About Forest Adventure Shinshiro

Forest Adventure Shinshiro is an off-ground adventure facility, an “outdoor park in harmony with nature,” within Shinshiro City’s expansive, forested General Park.

Covering some 8,000 square meters of the park, Forest Adventure Shinshiro challenges visitors to navigate gang-walks and wires high into the tree line. With a total of 39 activities spread across five courses, it is one of only 25 facilities of its kind in the country, and the only one in Aichi.

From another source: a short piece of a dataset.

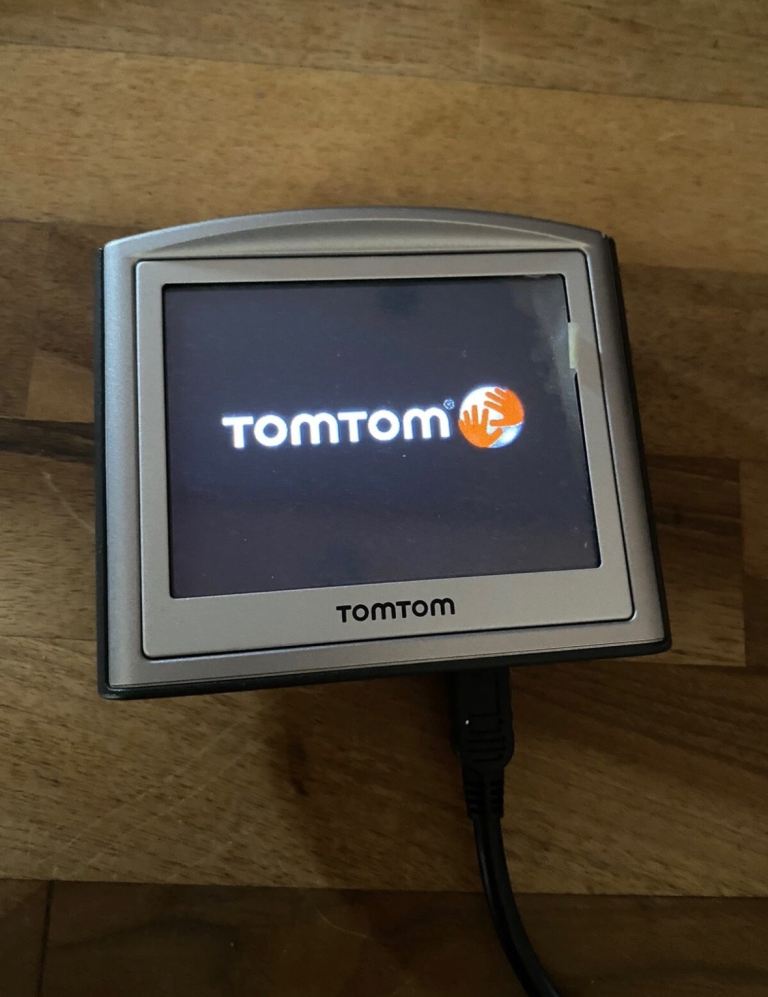tomtom gps satnav x5 job lot for spares or repair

The courses are divided into three levels of difficulty, with the hardest (and most exciting!) being the ‘Adventure’ course. Here you will be high off the ground for the longest of time, ride a thrilling ‘Tarzan Swing’ and finish by flying along a 100-meter zip line.

For those who are a little unsure about being suspended in the air for all that time, or just want to get a feel for it before graduating to the Adventure Course, the Discovery Course is a little easier, and easier still is the Canopy Course.

Safe Fun for the Family

Though it sounds like the domain of action men and women, or a grueling military exercise, Forest Adventure Shinshiro is, in fact, a great day out for all of the family, with the Canopy Course open to children from 110 centimeters (though children must be 140cm to enjoy the Adventure Course).

As such, safety is paramount, and there is a constant emphasis on personal responsibility. There is an extensive training course at the beginning of the activity, with training on the belay system especially important. As this may be difficult for small children, the Canopy Course has a continuous belay system that does not require uncoupling.

Forest Adventure Shinshiro Details

It takes between two and two and a half hours to complete the Adventure Course. While some basic level of fitness is probably advantageous, it is not strictly necessary as many of the activities are light work, and the safety harness supports your weight. However, the more you can do without their help, the more exciting it will be!